We recently published an interview discussing the fundamentals of German CRO Evotec. This interview with a Former BD executive goes deeper on Evotec's business model and the potential tension within management:
it is true that Werner was a different kind of CEO. And this is again my view, I think also that having a new CBO, well, not new, but having CBO Matthias Evers, who was recruited maybe two or three years ago, this generated lots of changes internally as well. So I think there is some sort of confrontation between the vision that Werner wanted to implement and the reality of everyday work at Evotec. I think maybe there's a disconnect. - Former Business Development Executive at Evotec
When choosing observability SaaS vendors, it seems DevOps teams typically choose Datadog whereas operations or infrastructure teams pick Dynatrace. This difference in customer preference stems from the granularity offered by each solution.

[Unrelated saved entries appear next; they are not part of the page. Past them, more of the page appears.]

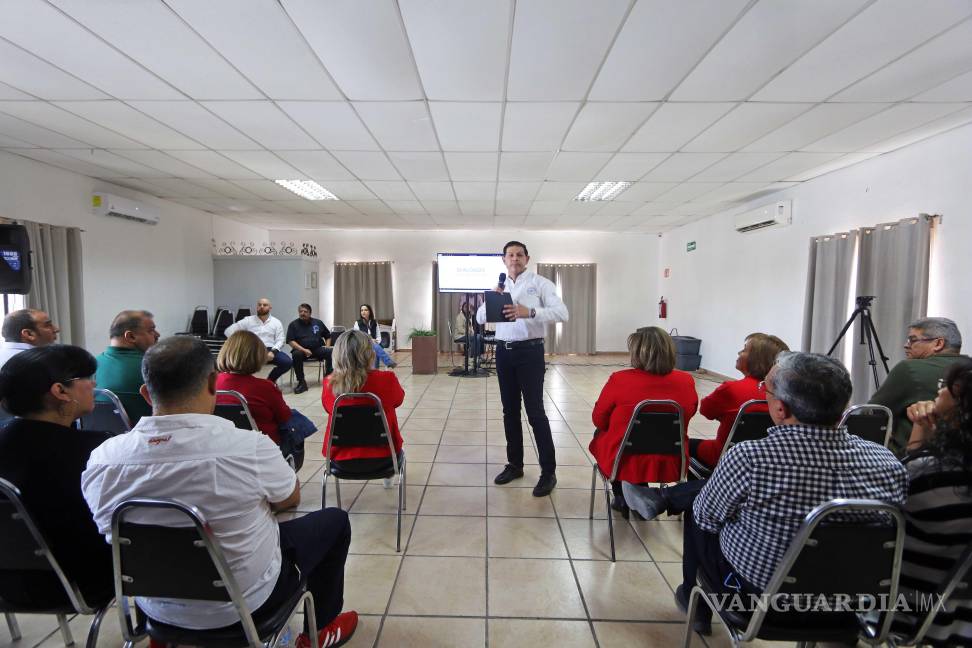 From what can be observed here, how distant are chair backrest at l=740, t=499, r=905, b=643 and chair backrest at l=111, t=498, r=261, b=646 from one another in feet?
4.42

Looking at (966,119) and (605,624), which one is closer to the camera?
(605,624)

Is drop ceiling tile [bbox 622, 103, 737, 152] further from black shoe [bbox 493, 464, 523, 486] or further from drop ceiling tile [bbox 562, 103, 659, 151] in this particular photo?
black shoe [bbox 493, 464, 523, 486]

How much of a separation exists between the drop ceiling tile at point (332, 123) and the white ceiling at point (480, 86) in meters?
0.02

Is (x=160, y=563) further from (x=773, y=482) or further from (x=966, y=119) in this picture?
(x=966, y=119)

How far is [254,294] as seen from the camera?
25.4ft

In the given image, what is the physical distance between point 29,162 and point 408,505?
5.55 metres

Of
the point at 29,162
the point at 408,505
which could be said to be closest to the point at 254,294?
the point at 29,162

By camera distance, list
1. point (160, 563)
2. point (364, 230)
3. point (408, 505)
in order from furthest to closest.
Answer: point (364, 230)
point (408, 505)
point (160, 563)

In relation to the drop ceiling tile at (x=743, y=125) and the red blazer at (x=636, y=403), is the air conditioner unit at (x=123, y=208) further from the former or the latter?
the drop ceiling tile at (x=743, y=125)

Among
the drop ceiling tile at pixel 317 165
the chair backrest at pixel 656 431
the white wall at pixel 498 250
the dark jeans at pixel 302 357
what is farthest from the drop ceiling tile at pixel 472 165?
the white wall at pixel 498 250

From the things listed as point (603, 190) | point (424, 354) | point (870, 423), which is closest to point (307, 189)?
point (424, 354)

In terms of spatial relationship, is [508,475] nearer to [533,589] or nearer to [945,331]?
[533,589]

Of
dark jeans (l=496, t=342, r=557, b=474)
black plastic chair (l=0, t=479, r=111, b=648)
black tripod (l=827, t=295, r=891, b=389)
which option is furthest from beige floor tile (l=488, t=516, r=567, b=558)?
black tripod (l=827, t=295, r=891, b=389)

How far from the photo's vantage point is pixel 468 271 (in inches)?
309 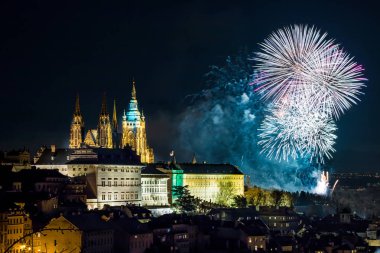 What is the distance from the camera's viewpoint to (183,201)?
116m

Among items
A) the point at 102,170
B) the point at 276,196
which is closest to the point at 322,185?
the point at 276,196

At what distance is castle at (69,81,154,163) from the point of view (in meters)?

The commercial model of Datadog, along with their module-based approach, presents challenges. Operations teams need to be very alert and focused. They require constant alerts and a high-level view of what's happening with the application and infrastructure. They need to easily identify whether the issue lies with the application or the infrastructure. They aren't concerned with metrics within the app or deeper dives, as they are likely triaging issues. Operations teams just need to know where and what the issue is. Datadog delves too deeply into metrics, which is a problem. In contrast, Dynatrace offers a very user-friendly solution for operations teams. So, it's very easy for operations teams, but for developers, they have to perform many clicks to drill down to what they want to see. However, it's much easier in Datadog for developers to get the answers they need. - Former Country Manager at Dynatrace
In this interview, a former Country Manager at Dynatrace sheds light on the ASEAN observability software market dynamics and how each provider caters differently to customer needs.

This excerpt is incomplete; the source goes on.